La Grèce étoit gouvernée par des hommes d’élocution, des orateurs et des rhétoriciens habiles. Les courtisanes ayant un ascendant puissant sur les plus célèbres logiciens, avoient fréquemment une influence considérable dans le gouvernement de l’état. Démosthène, la terreur même des tyrans, fut forcé de se soumettre à l’impulsion de leurs charmes, et à la tyrannie de la beauté ; et on a dit de lui, avec une vérité juste et piquante : « Que l’étude des années fut énervée dans la conversation d’une heure avec une jolie femme. »

À Delphe, on éleva à la mémoire de Phrynie une statue d’or entre les mausolées de deux rois. La mort de plusieurs courtisanes fut suivie de monuments magnifiques pour en rappeler le souvenir, tandis que plusieurs héros qui moururent pour la défense de leur pays, furent en un instant oubliés, sans qu’on leur érigea une seule pierre pour attester l’endroit où ils furent enterrés.

Enfin les lois et institutions en autorisant la solitude du sexe féminin, imprima au mariage l’idée d’un trésor inestimable. Mais dans Athènes, l’imagination, le goût des beaux-arts, la soif insatiable des plaisirs de tout genre, semblèrent se révolter contre les lois ; et les courtisanes furent appelées, pour ainsi dire, pour être les protectrices des mœurs et caractères du temps. Le vice, banni de la vie domestique, ne troubla plus le bonheur des familles ; mais le vice, sous le toit paternel, fut toujours regardé criminel. Par une bizarrerie étrange et inexprimable, le sexe masculin étoit véritablement corrompu, tandis que les mœurs domestiques étoient extraordinairement rigides.
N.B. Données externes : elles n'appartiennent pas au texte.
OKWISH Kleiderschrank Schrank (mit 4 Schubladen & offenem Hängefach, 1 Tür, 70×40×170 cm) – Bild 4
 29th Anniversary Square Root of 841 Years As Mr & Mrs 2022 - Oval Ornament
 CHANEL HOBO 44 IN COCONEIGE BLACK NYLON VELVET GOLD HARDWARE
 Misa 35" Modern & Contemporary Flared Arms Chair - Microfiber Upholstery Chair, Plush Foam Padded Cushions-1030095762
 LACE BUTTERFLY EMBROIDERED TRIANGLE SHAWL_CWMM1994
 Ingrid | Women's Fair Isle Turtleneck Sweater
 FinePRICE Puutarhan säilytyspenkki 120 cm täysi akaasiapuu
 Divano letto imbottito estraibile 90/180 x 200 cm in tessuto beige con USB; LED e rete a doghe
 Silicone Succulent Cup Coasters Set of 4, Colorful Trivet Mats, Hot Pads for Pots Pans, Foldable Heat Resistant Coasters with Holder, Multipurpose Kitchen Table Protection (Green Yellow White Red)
Les courtisanes étoient estimées selon leurs attractions, ce que les Français ont heureusement appelé agréments, tandis que les autres femmes n’avoient d’autre droit au mérite que celui auquel elles prétendoient par leur vertu. D’après ces différentes circonstances, nous pouvons calculer les honneurs que les courtisanes ont si fréquemment reçus dans la Grèce ; autrement, il auroit été difficile de concevoir comment six ou sept auteurs ont consacré leur plume à les célébrer ; comment trois des peintres les plus célèbres ont dévoué leurs pinceaux pour en représenter les traits ; comment plusieurs poètes Grecs ont invoqué leurs muses pour les chanter ; en un mot, il seroit très difficile autrement, d’assigner la cause, pour laquelle les plus grands hommes, avec l’avidité la plus subtile, visoient à s’introduire dans leur compagnie ; pourquoi Aspasie étoit le seul hérault de la paix ou de la guerre ; pourquoi Phrynie avoit une statue d’or élevée à sa mémoire. Le voyageur mal instruit qui s’approche des murs d’Athènes, et qui dans l’éloignement, apperçoit ce monument, s’imagine que c’est la tombe de Miltiade, de Périclès, ou de quelqu’autre héros également renommé ; mais lorsqu’il s’en approche de près, il est surpris de voir que c’est le mausolée d’une courtisane Athénienne, dont la mémoire est si pompeusement blasonnée. De tous les guerriers renommés qui ont combattus pour leur pays dans l’Asie, il n’y en a pas un dont les actions glorieuses soient représentées par un monument, ou dont les cendres aient été jugées dignes d’un panégyrique futur. Ainsi donc, tels étoient les honneurs rendus par ce peuple enthousiaste, voluptueux et sensuel à l’éclat de la beauté.